Na reengenharia de Genro, o MP, que representa a sociedade, ficará cerceado e, até, poderá encontrar provas novas e a conflitar com as anteriores.
De repente, e é estranho, num caso a envolver o poderoso banqueiro, tudo é subvertido pela inusitada reengenharia de Genro. E não se está, aqui, a defender prisões espetaculares, humilhantes, ou o emprego sem necessidade de algemas. Nem a invasão de escritórios de advocacia para buscas e apreensões, a violar prerrogativa profissional. Muito menos, interceptações sem autorização judicial ou deferidas pelo juiz sem motivação. E jamais se está a pregar desrespeito às regras constitucionais, que devem servir de bússola a qualquer juiz.

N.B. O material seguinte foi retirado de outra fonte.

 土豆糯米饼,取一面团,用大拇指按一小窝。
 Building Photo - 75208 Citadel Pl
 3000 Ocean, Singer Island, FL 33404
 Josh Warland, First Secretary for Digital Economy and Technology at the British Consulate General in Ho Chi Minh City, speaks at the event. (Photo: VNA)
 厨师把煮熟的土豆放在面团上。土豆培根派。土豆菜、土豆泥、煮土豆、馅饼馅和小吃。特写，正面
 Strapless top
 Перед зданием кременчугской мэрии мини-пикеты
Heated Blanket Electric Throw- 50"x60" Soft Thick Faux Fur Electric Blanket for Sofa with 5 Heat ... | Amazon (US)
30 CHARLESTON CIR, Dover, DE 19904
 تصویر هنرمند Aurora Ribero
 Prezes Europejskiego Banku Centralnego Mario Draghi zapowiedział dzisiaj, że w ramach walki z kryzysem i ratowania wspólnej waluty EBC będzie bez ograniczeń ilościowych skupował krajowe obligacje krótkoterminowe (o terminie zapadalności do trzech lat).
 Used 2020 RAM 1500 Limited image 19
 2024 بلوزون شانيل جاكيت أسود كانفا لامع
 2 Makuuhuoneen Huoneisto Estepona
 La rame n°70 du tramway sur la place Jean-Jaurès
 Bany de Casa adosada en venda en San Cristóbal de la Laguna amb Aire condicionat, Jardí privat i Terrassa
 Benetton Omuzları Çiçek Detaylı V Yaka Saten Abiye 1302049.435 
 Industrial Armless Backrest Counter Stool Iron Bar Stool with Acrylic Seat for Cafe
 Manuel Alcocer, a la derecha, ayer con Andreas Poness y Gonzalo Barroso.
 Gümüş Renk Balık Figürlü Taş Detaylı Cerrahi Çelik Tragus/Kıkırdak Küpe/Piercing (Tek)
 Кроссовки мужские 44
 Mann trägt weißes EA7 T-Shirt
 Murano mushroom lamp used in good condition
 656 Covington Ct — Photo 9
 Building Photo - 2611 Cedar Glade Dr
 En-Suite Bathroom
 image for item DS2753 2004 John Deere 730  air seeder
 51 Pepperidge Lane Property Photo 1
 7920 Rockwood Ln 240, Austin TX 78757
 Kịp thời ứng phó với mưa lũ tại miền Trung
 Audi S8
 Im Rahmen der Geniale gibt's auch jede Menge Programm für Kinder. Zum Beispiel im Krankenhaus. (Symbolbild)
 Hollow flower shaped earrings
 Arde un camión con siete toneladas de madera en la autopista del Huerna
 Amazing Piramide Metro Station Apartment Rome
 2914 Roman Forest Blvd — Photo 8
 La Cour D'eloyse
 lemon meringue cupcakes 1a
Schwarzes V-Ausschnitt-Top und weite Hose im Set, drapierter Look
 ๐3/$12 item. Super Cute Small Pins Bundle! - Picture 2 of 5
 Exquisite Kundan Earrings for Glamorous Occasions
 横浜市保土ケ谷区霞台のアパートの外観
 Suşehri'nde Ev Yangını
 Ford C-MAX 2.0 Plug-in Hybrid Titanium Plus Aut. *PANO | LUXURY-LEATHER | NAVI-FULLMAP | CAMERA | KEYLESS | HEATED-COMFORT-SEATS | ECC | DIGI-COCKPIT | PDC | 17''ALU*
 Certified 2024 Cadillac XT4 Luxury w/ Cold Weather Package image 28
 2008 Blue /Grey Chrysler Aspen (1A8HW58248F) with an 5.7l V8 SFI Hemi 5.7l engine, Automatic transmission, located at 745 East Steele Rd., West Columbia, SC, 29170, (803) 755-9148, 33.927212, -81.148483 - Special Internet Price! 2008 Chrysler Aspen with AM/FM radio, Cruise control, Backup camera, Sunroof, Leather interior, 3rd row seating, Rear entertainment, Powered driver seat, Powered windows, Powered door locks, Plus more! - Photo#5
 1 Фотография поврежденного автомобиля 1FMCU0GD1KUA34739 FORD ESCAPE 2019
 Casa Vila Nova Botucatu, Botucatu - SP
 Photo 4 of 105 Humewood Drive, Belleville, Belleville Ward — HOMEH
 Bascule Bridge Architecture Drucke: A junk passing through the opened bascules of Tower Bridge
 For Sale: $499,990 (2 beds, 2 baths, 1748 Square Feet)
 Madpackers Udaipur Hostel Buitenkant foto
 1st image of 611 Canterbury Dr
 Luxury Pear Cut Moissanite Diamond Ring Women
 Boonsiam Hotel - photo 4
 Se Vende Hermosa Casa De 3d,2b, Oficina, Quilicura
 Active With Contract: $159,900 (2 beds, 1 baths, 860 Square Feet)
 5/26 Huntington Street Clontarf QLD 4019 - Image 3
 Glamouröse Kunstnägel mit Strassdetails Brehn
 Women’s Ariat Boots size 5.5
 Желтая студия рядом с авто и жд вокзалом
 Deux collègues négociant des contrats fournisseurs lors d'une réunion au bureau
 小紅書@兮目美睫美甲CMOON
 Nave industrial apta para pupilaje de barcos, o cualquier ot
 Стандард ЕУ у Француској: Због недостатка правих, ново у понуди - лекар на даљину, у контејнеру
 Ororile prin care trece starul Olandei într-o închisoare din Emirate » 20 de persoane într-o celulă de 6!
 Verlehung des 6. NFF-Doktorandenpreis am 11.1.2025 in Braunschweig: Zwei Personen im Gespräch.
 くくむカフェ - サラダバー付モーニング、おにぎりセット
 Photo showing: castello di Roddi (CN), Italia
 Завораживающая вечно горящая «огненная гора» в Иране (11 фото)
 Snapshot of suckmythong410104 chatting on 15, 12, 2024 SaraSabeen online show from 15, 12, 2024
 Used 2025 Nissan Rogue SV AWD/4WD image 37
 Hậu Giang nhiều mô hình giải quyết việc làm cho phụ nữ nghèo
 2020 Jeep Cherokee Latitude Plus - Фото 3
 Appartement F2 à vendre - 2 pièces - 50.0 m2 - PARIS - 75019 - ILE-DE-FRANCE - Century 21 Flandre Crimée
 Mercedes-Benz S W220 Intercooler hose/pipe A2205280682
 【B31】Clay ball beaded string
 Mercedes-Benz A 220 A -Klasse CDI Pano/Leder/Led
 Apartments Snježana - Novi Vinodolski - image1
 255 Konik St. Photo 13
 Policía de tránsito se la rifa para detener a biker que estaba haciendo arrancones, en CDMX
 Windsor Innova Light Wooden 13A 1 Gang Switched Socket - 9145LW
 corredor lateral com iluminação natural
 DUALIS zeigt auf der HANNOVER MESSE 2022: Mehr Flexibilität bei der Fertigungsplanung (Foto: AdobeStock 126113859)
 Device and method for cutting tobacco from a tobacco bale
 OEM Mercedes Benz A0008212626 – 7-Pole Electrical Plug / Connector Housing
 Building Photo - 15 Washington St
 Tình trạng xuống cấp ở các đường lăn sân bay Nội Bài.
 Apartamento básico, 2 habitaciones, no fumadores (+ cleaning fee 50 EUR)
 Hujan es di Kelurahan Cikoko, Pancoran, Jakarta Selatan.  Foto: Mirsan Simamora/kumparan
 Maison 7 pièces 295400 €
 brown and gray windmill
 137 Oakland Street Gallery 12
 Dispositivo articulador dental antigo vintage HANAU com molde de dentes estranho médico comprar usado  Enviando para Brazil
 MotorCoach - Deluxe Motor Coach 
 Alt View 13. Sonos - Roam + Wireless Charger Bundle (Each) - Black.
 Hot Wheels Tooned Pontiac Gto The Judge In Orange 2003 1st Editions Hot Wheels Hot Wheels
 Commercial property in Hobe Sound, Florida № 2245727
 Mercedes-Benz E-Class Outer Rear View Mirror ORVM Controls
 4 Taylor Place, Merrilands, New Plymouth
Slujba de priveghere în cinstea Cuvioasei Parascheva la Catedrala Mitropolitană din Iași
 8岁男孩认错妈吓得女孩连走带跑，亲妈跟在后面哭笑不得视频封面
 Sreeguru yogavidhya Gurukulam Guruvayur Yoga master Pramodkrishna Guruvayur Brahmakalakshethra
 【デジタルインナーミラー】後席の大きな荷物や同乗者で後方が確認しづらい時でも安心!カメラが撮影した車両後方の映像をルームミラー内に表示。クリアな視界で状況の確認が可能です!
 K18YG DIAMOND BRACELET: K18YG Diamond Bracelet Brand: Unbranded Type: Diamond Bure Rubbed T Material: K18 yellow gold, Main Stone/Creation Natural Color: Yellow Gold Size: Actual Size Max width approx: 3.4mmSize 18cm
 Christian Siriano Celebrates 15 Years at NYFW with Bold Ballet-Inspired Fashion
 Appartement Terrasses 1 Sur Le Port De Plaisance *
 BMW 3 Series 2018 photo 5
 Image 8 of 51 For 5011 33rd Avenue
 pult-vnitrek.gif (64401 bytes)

Mas está claro que o sistema criminal, como numa república bananeira, já conta com o antes e o depois de Dantas. Para quem duvidar, basta atentar para a decisão da ministra Ellen Gracie, que blindou dados do Opportunity. Nesse caso, foi como impedir exame cadavérico num corpo crivado de balas e ficar sem a prova da causa da morte. E, sem essa prova, não se pode condenar.
Para o ex-ministro Thomaz Bastos, conseguiu-se aperfeiçoar o sistema com um órgão de controle externo do Judiciário: o Conselho Nacional de Justiça (CNJ). Convém notar, entretanto, que o STF, órgão de cúpula do Judiciário, não está sujeito ao CNJ. Além disso, o CNJ é formado, em sua maioria, por juízes, ou seja, não é externo à Magistratura.
Para o ministro Genro, o delegado Protógenes, depois das apurações pela Corregedoria da Polícia Federal, será “homenageado” ou responderá na Justiça por ilegalidades.
Ora, ninguém é homenageado e nem desagravado em apuração correcional. Uma vez não encontradas infrações administrativas, o procedimento é arquivado. Em hipótese contrária, que o ministro Genro esqueceu de dizer, instaura-se processo administrativo que pode culminar na perda do cargo. Por que será que Genro não contou que Protógenes pode perder o cargo, administrativamente?